━━━━━ SOURCE DATA ━━━━━

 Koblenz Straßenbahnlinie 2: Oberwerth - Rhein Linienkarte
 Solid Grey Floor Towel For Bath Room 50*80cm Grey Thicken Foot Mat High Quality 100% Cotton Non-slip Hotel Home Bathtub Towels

━━━━━
━━━━━ SOURCE DATA ━━━━━

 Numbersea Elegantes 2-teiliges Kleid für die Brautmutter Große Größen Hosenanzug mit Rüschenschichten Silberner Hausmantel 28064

━━━━━

The required output is every line above from the one with "Koblenz Straßenbahnlinie 2: Oberwerth" down to the one with "Solid Grey Floor", restated word for word, ends included.

■ ANSWER:
 Koblenz Straßenbahnlinie 2: Oberwerth - Rhein Linienkarte
 Solid Grey Floor Towel For Bath Room 50*80cm Grey Thicken Foot Mat High Quality 100% Cotton Non-slip Hotel Home Bathtub Towels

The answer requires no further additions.